# accucraft live steam Big Boy



## Swanee (May 5, 2013)

Has anyone taken delivery of one of the new Big Boys and if so what has been their experience with it? I heard that the first batch was "in and gone" but I have seen no mention of anything on line.


----------



## Hugh Napier (Oct 10, 2012)

The first ones are only due into the UK next week so they can have *only* just arrived in the 'States. Looking forward to hearing how they run.... 

Hugh.


----------



## waynesal46 (Dec 29, 2012)

I got one over a month ago 
Wayne Colleran


----------



## artgibson (Jan 2, 2008)

Posted By waynesal46 on 07 Jun 2013 04:56 AM 
I got one over a month ago 
Wayne Colleran 

Where are the pics and video.


----------



## Charles (Jan 2, 2008)

You can see the 1st pre-production model running in both of these videos(e.g. second video around 8:24 you can see both Aster and Accucraft together). Currently we have it in the TRS shop for some work(blockage of lower portion on the slide glass and jet blockage):


----------



## artgibson (Jan 2, 2008)

Charles,I have seen that one. I mean one of the Big Boy's that have been delivered to customers.


----------



## Kovacjr (Jan 2, 2008)

Posted By Swanee on 06 Jun 2013 08:32 PM 
Has anyone taken delivery of one of the new Big Boys and if so what has been their experience with it? I heard that the first batch was "in and gone" but I have seen no mention of anything on line. 

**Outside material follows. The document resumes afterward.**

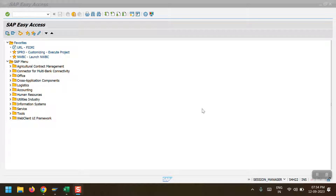Hello everyone, welcome to my channel Life at SAP. In today's session I am going to cover how to transfer the amount from one customer to another customer. This scenario will happen in real-time business scenarios — for example, end users have a lot of invoices to be entered in the system, and by mistake an invoice for Customer A has been entered under Customer B. In that scenario, the business wants to transfer the wrongly posted amount from Customer B to Customer A.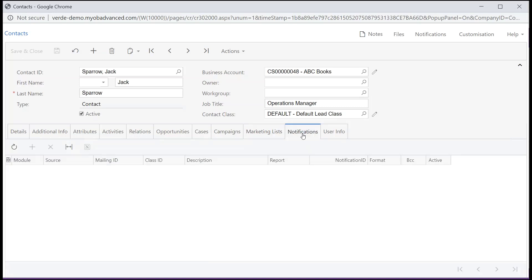The Notifications tab contains mailings the contact is subscribed to. To subscribe a customer contact to mailings defined for a customer, use the recipient area on the mailing settings tab of the customer's form.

Yes the batch of the first 10 were presold so none were available. As to seeing them, some have not even run them yet. The performance is equal to the 2nd production of the Cab Fowards


----------



## Hugh Napier (Oct 10, 2012)

It looks like a batch was quite well advanced in April: 











From the Accucraft (UK) newsletter.... 

Hugh


----------



## Gary Armitstead (Jan 2, 2008)

Posted By Hugh Napier on 13 Jun 2013 10:42 AM 
It looks like a batch was quite well advanced in April: 











From the Accucraft (UK) newsletter.... 

Hugh Looks like a handsome investment sitting on that table.


----------



## Swanee (May 5, 2013)

Thanks to everyone that responded. I was hoping for some additional operational feedback before I ordered one as I've had some issues with two other accucraft locos that I bought. At any rate, I went ahead and ordered one, received the wrong color locomotive, damaged, sent it back and am waiting now for the next batch to arrive.


----------



## Charles (Jan 2, 2008)

Posted By Swanee on 28 Jun 2013 12:16 PM 
Thanks to everyone that responded. I was hoping for some additional operational feedback before I ordered one as I've had some issues with two other accucraft locos that I bought. At any rate, I went ahead and ordered one, received the wrong color locomotive, damaged, sent it back and am waiting now for the next batch to arrive. 
What color was it?


----------



## Swanee (May 5, 2013)

Hard to tell, exactly because I only uncovered part of it, but it was not the silver edition, which I ordered.


----------



## Charles (Jan 2, 2008)

So it was the charcoal grey smoke box vs. silver smoke box, thanks (I thought the first round would have been the silver batch)


----------